As decisões nos casos concretos de pedidos de indenização pela morte de presos por suicídio, no entanto, são bastante divergentes e até um tanto confusas, diríamos.
Quase todas invocam a responsabilidade objetiva do Estado. Algumas fundamentam-se na culpa in vigilando ou no dever legal de manter a incolumidade física e psíquica do preso, conforme determina a Constituição da República.
Outras misturam fundamentos de responsabilidade objetiva e de culpa administrativa, dando a impressão de que a vontade de tomar uma decisão justa (no sentido de obrigar o Estado – grande omisso na área penitenciária – a responder patrimonialmente pelo trágico evento), permite ao julgador certa "flexibilidade" na fundamentação.
Deveras, como concluímos neste trabalho, a responsabilização do Estado por suicídio de presos sob sua custódia somente poderá se efetivar com base na responsabilidade subjetiva, pois, como visto, embora a regra geral seja a responsabilidade objetiva, em casos que tais é necessário provar a omissão do Estado. Ora, omissão, quando se impõe o dever de agir, caracteriza a negligência, que é modalidade de culpa.
E aí reside o problema: responsabilidade subjetiva exige, por parte do lesado, ou seus sucessores, a prova da culpa da Administração. Mas, pensando o problema em termos práticos, como provar que a administração penitenciária foi omissa? Como provar que as atitudes do preso exigiam um acompanhamento mais próximo, talvez até por um especialista?
Se entre particulares já é bastante difícil comprovar a culpa do causador do dano, que dirá contra a administração de um sistema prisional, ou contra a autoridade policial? Daí o nosso desejo de ressaltar, nestas linhas finais, o quanto saímos engrandecidos desta pesquisa. A busca de uma fundamentação técnica para as conclusões a que chegamos foi árdua, mas penso que conseguimos criar um quadro bastante lógico e plausível acerca da responsabilidade do Estado no direito brasileiro, e a sua aplicabilidade aos casos de suicídio de presos. Entretanto, quando tentamos transplantar nossos estudos para a prática, deparamo-nos com decisões que parecem, a nosso ver, contrariar ou passar ao largo da melhor doutrina a respeito do assunto.

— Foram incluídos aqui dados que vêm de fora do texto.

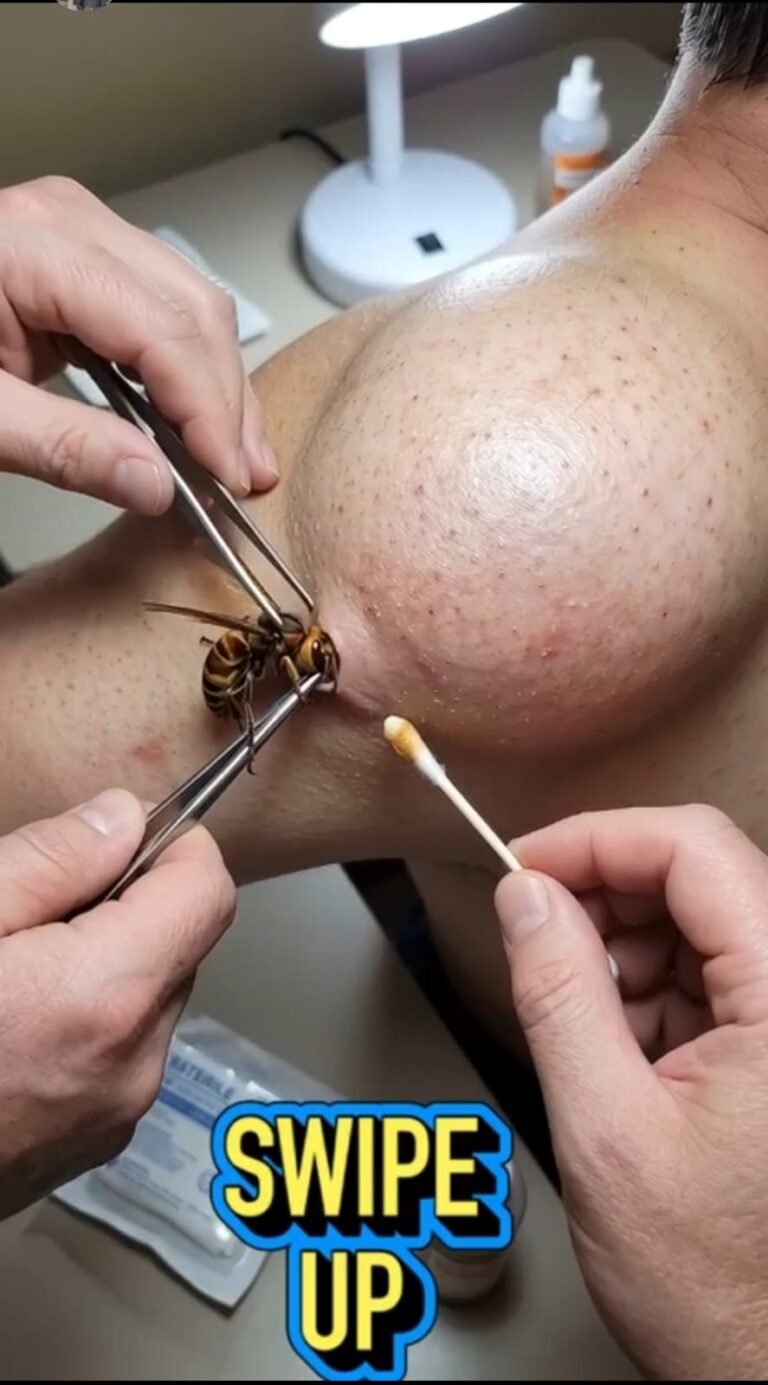 A Wasp Sting Can Become a Medical Emergency: What Happens When a Stinger Is Left in the Skin?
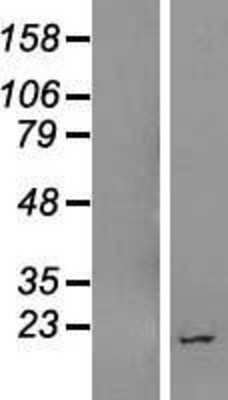 Western Blot: LOC400657 Overexpression Lysate (Adult Normal) [NBL1-12601] Left-Empty vector transfected control cell lysate (HEK293 cell lysate); Right -Over-expression Lysate for LOC400657.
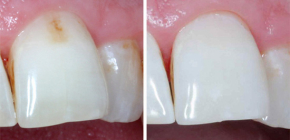 Ar yra efektyvi priemonė ar vaistas nuo dantų ėduonies?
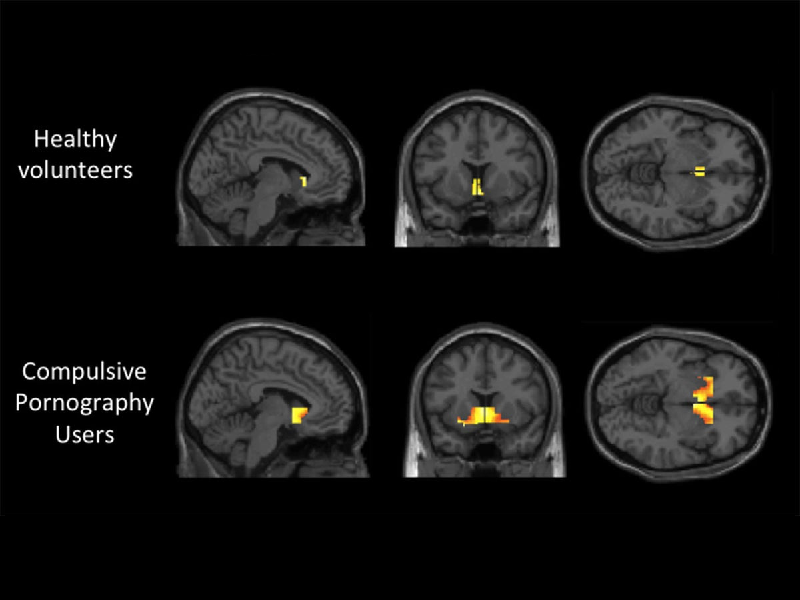 تاثیر پورن بر مغز - pornography effects on the brain - تریتا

Fica patente, então, que fatores de ordem outra que não estritamente jurídica influenciam as decisões. A comoção da mídia, a família pobre deixada ao abandono, a degradação humana e social que se transformou nosso sistema prisional etc., todos são fatores que flexibilizam, na mente do julgador, os critérios formais e rígidos necessários para caracterizar a "falta do serviço".
V) REFERÊNCIAS BIBLIOGRÁFICAS
BASTOS, Celso Ribeiro. Curso de direito administrativo. São Paulo: Saraiva, 1994.
BRUNINI, Weida Zancaner. Da responsabilidade extracontratual da administração pública. São Paulo: RT, 1981.
CAHALI, Yussef Said (coord.). Responsabilidade civil – doutrina e jurisprudência. 2ª ed. São Paulo: Saraiva, 1988.
________________. Responsabilidade civil do Estado. 2ª ed. rev., ampl. e at. São Paulo: Malheiros, 1995.
CARVALHO FILHO - Manual de Direito Administrativo. Rio de Janeiro, 2000. Ed. Lumen Juris, 6ª Edição.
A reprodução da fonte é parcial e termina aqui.